There are four main components to the bill. The first, commencing from 1 January next year, will see a removal of the family assets test and the family actual means test from the youth allowance parental means test arrangements. Removal of the family assets test will see around 4,100 additional dependent youth allowance claimants qualify for the first time, accessing average annual payments of $7,000 a year. Removing the family actual means test will see around 1,200 more people receiving youth allowance for the first time, as well as increasing payments for around 4,860 existing students by approximately $2,000 a year.
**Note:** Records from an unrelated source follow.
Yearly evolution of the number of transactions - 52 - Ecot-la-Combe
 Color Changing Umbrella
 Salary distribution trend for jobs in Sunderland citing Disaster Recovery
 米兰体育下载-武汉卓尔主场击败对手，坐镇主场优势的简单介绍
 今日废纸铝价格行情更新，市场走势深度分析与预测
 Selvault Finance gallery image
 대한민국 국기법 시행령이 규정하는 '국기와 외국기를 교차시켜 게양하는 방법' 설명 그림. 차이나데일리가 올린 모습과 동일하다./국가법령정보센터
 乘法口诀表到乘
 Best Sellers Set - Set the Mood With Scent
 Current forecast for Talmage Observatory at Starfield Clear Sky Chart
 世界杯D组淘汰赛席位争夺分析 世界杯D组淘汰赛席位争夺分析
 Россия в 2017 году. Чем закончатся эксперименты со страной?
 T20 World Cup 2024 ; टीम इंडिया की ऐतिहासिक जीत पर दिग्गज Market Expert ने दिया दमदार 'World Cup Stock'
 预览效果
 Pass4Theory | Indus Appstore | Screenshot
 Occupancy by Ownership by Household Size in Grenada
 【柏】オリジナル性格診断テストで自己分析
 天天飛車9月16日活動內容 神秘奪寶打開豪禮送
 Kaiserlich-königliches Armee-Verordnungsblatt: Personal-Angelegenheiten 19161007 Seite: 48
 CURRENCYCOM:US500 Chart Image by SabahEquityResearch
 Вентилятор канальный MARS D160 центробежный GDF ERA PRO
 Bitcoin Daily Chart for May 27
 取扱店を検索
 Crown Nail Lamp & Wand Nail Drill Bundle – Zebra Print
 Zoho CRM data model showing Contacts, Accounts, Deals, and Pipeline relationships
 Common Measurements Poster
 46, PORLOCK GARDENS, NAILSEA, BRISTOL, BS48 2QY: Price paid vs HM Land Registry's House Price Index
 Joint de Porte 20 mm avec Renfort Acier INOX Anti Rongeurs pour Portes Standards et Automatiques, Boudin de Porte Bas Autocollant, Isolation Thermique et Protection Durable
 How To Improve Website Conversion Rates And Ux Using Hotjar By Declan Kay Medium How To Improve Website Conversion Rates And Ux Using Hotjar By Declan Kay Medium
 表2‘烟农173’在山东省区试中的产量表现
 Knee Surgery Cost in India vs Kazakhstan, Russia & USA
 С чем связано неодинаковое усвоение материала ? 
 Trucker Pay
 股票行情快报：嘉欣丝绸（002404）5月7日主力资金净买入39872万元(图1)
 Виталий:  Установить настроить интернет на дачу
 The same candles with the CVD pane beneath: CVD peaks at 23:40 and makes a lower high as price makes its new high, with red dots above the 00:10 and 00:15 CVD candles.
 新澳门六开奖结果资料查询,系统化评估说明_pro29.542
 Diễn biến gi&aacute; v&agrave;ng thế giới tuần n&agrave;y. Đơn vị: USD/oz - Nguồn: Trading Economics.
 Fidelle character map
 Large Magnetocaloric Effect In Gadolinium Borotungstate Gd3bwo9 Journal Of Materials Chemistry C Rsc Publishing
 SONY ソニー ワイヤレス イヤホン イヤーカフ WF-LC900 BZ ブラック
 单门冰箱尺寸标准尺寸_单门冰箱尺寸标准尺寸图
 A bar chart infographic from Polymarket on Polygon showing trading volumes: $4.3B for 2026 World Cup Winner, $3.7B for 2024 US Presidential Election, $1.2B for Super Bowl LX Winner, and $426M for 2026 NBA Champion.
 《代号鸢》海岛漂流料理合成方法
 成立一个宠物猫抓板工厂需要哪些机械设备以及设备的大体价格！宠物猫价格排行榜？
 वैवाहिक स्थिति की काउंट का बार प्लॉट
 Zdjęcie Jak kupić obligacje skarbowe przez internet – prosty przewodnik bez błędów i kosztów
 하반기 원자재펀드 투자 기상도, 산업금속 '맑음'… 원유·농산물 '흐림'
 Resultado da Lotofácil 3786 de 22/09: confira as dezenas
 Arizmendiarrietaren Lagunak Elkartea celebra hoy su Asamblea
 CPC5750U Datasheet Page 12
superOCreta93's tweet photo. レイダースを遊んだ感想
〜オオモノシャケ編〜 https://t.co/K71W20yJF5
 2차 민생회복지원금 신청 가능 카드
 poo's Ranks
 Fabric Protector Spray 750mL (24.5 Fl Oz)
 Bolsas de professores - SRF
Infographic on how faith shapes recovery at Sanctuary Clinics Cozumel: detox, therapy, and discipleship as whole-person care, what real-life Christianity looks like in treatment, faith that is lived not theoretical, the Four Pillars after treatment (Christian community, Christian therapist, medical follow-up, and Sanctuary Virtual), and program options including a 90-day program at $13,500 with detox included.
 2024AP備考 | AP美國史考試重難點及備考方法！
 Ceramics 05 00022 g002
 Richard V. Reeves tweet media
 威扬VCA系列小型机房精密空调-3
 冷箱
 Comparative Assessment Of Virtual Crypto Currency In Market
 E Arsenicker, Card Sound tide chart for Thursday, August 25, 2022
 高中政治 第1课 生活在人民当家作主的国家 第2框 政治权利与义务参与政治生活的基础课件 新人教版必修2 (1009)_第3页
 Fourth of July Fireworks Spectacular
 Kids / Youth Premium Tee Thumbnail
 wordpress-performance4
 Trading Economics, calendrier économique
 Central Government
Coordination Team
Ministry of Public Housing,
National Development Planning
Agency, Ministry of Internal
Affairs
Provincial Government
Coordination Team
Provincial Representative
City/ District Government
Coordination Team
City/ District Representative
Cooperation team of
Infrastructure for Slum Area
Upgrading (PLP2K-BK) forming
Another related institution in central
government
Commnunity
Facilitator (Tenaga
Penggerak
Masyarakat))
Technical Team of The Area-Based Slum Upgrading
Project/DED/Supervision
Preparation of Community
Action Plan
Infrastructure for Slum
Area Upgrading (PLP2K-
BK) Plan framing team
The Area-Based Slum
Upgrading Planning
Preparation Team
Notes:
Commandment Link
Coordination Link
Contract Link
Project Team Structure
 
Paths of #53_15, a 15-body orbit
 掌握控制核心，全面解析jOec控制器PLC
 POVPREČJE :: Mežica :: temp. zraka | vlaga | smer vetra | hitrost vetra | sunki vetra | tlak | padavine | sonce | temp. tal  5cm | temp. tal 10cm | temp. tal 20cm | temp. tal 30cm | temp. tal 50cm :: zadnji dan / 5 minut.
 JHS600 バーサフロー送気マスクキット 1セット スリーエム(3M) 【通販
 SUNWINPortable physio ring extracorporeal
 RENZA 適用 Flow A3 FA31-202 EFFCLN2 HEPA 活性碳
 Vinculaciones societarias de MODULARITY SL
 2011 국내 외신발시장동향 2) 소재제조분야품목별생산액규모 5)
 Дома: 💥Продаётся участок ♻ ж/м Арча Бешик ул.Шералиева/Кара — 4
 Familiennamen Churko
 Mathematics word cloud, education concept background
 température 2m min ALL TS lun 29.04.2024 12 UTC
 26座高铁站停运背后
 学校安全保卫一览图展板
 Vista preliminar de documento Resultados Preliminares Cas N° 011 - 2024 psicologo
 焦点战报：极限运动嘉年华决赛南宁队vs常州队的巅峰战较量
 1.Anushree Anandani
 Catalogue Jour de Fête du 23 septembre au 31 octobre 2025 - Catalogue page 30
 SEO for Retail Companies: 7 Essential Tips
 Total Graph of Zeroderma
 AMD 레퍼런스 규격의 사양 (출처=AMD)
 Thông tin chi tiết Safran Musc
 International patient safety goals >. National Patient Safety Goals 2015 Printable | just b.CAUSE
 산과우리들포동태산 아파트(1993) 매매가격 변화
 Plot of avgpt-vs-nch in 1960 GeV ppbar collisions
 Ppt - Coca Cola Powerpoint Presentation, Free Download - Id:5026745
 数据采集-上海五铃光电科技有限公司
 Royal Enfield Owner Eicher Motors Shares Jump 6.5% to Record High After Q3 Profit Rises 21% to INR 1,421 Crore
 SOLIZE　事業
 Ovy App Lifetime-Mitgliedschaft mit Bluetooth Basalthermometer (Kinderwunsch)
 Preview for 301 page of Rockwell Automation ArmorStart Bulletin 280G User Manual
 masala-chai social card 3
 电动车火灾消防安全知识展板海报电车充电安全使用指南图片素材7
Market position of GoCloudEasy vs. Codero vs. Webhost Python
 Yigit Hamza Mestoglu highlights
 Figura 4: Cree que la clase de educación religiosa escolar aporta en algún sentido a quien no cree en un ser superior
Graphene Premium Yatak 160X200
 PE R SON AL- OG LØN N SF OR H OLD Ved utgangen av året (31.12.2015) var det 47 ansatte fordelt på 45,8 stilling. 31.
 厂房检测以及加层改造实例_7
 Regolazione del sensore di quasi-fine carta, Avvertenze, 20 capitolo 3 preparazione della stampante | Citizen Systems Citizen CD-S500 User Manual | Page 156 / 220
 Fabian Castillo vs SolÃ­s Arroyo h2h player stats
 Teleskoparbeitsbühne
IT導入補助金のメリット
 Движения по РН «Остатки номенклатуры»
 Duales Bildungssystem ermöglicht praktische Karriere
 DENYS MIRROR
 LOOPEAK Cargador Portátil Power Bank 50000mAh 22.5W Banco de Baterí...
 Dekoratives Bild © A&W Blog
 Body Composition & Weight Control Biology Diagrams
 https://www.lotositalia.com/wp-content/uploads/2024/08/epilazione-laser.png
The bill also aligns the parental income test exemptions for youth allowance with existing arrangements for family tax benefit part A; removes the maintenance income from the youth allowance parental income test assessment; and applies a separate maintenance income test for the treatment of child support like that currently applying to family tax benefit part A. Also, where a family has a dependent child who receives an individual youth payment that is parentally income-tested and younger siblings who qualify for family tax benefit, the family pool for the youth parental income test will include all FTB children. They are all positive measures.

According to the minister's second-reading speech, including all FTB children in the family pool for the youth parental income test will allow around 13,700 families with dependent children in both the family tax benefit A and youth streams to become eligible for an average increase in payment of around $1,100 a year. Around 5,800 families who currently miss out on payments due to the combined high-taper rates will also become eligible for an average payment of around $1,300 per year. According to that same material, the changes will reduce the regulatory burden on around 30,000 families subject to the family actual means test and around 200,000 families subjected to the family assets test.

For these reasons, Labor will support the bill.